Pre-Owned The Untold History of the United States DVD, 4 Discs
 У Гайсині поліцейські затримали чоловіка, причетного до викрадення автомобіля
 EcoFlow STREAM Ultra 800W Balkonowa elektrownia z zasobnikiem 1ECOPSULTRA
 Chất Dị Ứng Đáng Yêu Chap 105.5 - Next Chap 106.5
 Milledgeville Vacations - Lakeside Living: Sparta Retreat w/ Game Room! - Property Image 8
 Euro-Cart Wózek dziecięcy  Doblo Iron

::::::::::

After locating the line that contains "У Гайсині поліцейські", output it and the remaining lines of the material above, exactly as they read.

* [Response to this task]:
 У Гайсині поліцейські затримали чоловіка, причетного до викрадення автомобіля
 EcoFlow STREAM Ultra 800W Balkonowa elektrownia z zasobnikiem 1ECOPSULTRA
 Chất Dị Ứng Đáng Yêu Chap 105.5 - Next Chap 106.5
 Milledgeville Vacations - Lakeside Living: Sparta Retreat w/ Game Room! - Property Image 8
 Euro-Cart Wózek dziecięcy  Doblo Iron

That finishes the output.